• [TASK DIRECTIONS]: Look below for the line that has "Here is another"; output exactly from it through the line that has "You can assign", and leave the pictures out.

=== EXTRACTED DATA ===

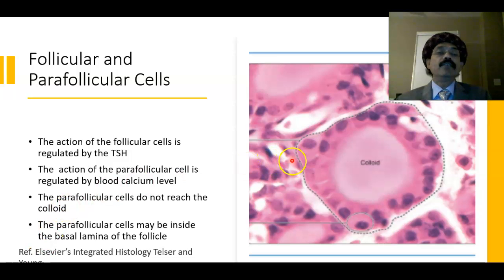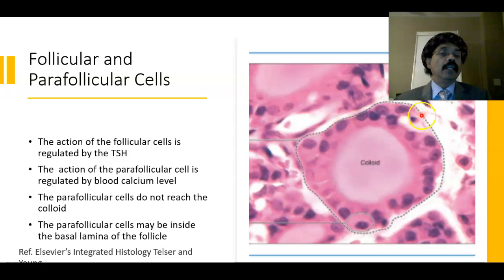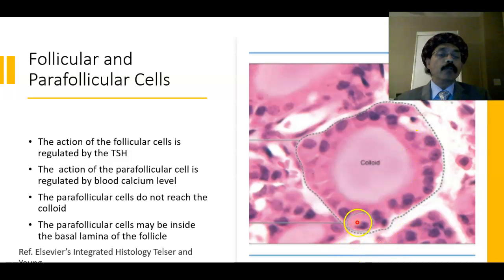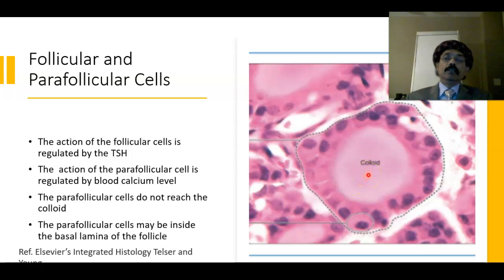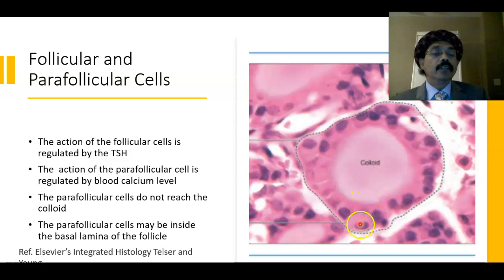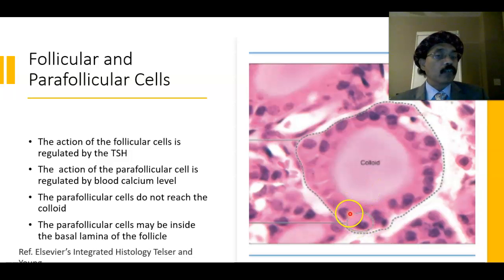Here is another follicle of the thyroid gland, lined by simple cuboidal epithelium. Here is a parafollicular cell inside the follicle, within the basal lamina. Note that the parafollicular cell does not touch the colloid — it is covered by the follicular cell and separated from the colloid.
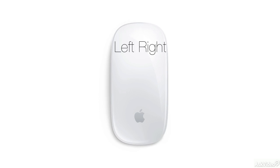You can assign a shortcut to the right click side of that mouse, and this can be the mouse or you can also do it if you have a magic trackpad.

===
=== EXTRACTED DATA ===

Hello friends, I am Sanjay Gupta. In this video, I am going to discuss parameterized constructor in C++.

===
=== EXTRACTED DATA ===

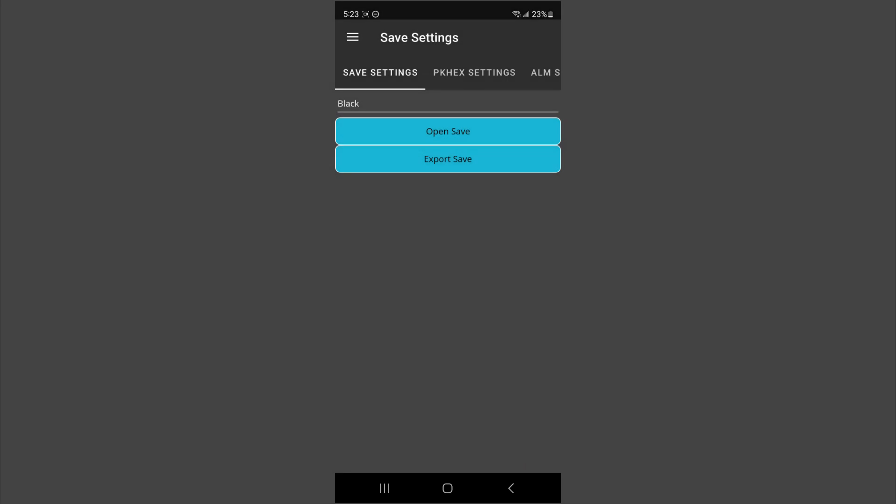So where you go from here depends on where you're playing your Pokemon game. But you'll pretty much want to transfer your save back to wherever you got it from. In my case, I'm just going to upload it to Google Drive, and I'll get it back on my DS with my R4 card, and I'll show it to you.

===

• [ANSWER TO THIS PROBLEM]:
Here is another follicle of the thyroid gland, lined by simple cuboidal epithelium. Here is a parafollicular cell inside the follicle, within the basal lamina. Note that the parafollicular cell does not touch the colloid — it is covered by the follicular cell and separated from the colloid.
You can assign a shortcut to the right click side of that mouse, and this can be the mouse or you can also do it if you have a magic trackpad.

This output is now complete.